[Crawled caption data]
§ §

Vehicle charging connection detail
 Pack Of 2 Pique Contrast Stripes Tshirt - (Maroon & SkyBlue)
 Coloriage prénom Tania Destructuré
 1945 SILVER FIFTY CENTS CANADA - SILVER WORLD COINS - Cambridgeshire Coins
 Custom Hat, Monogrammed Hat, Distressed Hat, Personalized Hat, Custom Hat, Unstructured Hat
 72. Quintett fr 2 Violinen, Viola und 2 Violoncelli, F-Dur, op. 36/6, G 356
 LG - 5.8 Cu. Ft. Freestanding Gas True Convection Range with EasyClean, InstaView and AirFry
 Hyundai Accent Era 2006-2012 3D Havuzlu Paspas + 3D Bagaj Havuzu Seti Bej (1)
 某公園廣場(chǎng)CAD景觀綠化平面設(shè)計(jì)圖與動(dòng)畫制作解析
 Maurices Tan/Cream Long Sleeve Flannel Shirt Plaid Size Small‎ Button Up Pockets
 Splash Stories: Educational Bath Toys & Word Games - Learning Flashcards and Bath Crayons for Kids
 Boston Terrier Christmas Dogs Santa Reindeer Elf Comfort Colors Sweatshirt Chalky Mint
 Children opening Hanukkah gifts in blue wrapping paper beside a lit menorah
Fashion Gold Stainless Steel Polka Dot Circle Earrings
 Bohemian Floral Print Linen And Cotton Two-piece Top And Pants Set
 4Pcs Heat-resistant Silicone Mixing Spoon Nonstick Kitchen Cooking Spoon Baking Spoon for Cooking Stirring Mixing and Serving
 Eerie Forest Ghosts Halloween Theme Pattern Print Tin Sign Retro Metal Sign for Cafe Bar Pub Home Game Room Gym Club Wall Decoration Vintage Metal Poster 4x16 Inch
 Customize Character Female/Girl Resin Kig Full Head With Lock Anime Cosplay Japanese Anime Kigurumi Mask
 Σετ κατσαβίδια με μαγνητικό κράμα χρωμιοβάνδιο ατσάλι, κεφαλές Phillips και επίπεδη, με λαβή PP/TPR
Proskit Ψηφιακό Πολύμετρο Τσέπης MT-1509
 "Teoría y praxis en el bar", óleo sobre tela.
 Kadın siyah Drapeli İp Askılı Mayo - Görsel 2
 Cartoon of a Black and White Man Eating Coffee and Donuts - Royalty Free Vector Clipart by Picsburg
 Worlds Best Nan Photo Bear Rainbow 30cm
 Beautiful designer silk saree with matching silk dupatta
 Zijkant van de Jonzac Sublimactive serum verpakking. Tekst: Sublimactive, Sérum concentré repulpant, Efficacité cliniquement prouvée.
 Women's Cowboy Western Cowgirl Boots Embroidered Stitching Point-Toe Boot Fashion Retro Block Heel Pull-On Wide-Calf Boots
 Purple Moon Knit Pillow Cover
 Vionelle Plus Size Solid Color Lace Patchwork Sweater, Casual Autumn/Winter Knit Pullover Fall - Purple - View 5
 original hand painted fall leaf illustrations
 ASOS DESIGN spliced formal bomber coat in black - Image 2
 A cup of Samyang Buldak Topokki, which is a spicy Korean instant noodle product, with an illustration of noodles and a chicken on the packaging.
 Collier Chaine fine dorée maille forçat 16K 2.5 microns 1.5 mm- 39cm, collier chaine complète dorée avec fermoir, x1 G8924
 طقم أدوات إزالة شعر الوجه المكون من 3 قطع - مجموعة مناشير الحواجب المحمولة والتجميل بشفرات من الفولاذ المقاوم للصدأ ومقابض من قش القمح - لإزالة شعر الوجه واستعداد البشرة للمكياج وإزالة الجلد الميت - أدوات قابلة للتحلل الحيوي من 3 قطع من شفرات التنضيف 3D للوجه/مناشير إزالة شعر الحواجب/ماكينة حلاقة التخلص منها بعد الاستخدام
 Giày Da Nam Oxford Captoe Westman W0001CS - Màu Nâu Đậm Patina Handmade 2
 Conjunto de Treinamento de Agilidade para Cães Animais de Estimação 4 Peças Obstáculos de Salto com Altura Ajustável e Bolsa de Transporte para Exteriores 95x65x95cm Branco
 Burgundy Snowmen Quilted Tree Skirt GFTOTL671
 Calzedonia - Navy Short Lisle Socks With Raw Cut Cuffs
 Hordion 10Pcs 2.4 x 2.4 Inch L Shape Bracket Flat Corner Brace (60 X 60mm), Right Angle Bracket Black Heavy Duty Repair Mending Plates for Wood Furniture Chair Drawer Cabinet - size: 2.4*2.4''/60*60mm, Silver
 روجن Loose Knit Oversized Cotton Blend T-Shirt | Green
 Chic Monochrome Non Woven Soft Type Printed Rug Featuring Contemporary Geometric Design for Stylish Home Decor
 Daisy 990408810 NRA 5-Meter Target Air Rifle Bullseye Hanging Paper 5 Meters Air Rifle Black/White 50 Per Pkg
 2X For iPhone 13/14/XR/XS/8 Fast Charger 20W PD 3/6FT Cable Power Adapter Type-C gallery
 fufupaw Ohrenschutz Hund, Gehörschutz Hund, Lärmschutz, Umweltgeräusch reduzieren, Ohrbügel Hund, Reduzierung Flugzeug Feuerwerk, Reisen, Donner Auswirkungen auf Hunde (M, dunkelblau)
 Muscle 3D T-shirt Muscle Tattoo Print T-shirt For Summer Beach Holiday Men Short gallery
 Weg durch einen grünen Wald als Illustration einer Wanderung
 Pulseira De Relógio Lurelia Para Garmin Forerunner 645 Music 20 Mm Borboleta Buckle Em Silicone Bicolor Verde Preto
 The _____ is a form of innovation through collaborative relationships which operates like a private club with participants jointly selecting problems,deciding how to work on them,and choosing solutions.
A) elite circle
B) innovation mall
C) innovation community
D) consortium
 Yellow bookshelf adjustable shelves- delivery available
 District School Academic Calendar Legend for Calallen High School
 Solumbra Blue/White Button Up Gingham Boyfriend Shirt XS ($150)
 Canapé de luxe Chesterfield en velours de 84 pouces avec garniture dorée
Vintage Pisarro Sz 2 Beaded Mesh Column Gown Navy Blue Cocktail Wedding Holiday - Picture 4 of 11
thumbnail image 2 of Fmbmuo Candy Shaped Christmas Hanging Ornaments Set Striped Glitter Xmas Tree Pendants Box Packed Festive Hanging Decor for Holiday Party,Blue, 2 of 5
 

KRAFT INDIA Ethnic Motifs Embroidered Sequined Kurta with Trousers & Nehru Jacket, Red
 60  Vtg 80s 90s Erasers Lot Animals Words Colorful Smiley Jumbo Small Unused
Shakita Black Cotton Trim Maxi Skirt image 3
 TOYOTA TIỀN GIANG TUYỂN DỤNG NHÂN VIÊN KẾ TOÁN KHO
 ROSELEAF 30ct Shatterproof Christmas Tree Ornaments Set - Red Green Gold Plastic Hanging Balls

§ §

*WORK TO BE COMPLETED*
Could you set down, word for word, only the lines above from the line with "Bohemian Floral Print" to the line with "طقم أدوات إزالة", including both?

*TASK OUTPUT*
 Bohemian Floral Print Linen And Cotton Two-piece Top And Pants Set
 4Pcs Heat-resistant Silicone Mixing Spoon Nonstick Kitchen Cooking Spoon Baking Spoon for Cooking Stirring Mixing and Serving
 Eerie Forest Ghosts Halloween Theme Pattern Print Tin Sign Retro Metal Sign for Cafe Bar Pub Home Game Room Gym Club Wall Decoration Vintage Metal Poster 4x16 Inch
 Customize Character Female/Girl Resin Kig Full Head With Lock Anime Cosplay Japanese Anime Kigurumi Mask
 Σετ κατσαβίδια με μαγνητικό κράμα χρωμιοβάνδιο ατσάλι, κεφαλές Phillips και επίπεδη, με λαβή PP/TPR
Proskit Ψηφιακό Πολύμετρο Τσέπης MT-1509
 "Teoría y praxis en el bar", óleo sobre tela.
 Kadın siyah Drapeli İp Askılı Mayo - Görsel 2
 Cartoon of a Black and White Man Eating Coffee and Donuts - Royalty Free Vector Clipart by Picsburg
 Worlds Best Nan Photo Bear Rainbow 30cm
 Beautiful designer silk saree with matching silk dupatta
 Zijkant van de Jonzac Sublimactive serum verpakking. Tekst: Sublimactive, Sérum concentré repulpant, Efficacité cliniquement prouvée.
 Women's Cowboy Western Cowgirl Boots Embroidered Stitching Point-Toe Boot Fashion Retro Block Heel Pull-On Wide-Calf Boots
 Purple Moon Knit Pillow Cover
 Vionelle Plus Size Solid Color Lace Patchwork Sweater, Casual Autumn/Winter Knit Pullover Fall - Purple - View 5
 original hand painted fall leaf illustrations
 ASOS DESIGN spliced formal bomber coat in black - Image 2
 A cup of Samyang Buldak Topokki, which is a spicy Korean instant noodle product, with an illustration of noodles and a chicken on the packaging.
 Collier Chaine fine dorée maille forçat 16K 2.5 microns 1.5 mm- 39cm, collier chaine complète dorée avec fermoir, x1 G8924
 طقم أدوات إزالة شعر الوجه المكون من 3 قطع - مجموعة مناشير الحواجب المحمولة والتجميل بشفرات من الفولاذ المقاوم للصدأ ومقابض من قش القمح - لإزالة شعر الوجه واستعداد البشرة للمكياج وإزالة الجلد الميت - أدوات قابلة للتحلل الحيوي من 3 قطع من شفرات التنضيف 3D للوجه/مناشير إزالة شعر الحواجب/ماكينة حلاقة التخلص منها بعد الاستخدام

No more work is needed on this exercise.